- Also known as: Cheikh Khelifa Belkacem
- Born: 1907 Koléa, Algeria
- Origin: El Hamel
- Died: November 4, 1951 Algiers, Algeria
- Genres: Chaabi
- Occupation(s): Composer, singer, conductor
- Instruments: Mandole

= Khelifa Belkacem =

Khelifa Belkacem (1907 - November 4, 1951) was an Algerian singer.

==Biography==
Khelifa Belkacem was born in 1907 in Koléa. His family moved to Staouéli near Algiers in 1911. At the age of nine he becomes fatherless. In 1935 he moves to Algiers which then housed prestigious names of the chaâbi chanson like El Hadj M'Hamed El Anka. He had learned the music profession in the streets of Staouéli. He wanted to compete with the giants of the era: El Hadj Menouar, Hadj Bouchiba, Hadj M'rizek and succeeded by starting up a young band to enliven family celebrations around Algiers.

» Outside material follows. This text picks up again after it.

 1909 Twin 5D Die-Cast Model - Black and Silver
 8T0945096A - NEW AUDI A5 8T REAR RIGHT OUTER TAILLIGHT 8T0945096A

To penetrate into the middle of chaâbi he left Staouéli to install at the Casbah where work did not lack but where the public was difficult.
His orchestra was composed of Moh Saghir Laama on oud, Belkaïd Abdelghani on alto violin, Mohamed Zerbout on darbuka, Hadj Omar on tar and Kaddour Cherchali, Mouloud Bahri and Ali Bousbia on banjos. Evenings dates at the circle of Chartres' place, or coffee "Ismailia" square Lavigerie (now up Benbadis) in the 1940s, during the holy month of Ramadan, were famous.

Persistent, passionate, rigorous. He had a melodious voice and his "Istikhbar" (musical improvisation, vocal prelude improvised at tempo rubato) was a treat. He faced the "bit siah wah" genre without complex and other more difficult pieces. His mastering the art of Chaabi influenced singers of fame like Dahmane El Harrachi or Hsissen.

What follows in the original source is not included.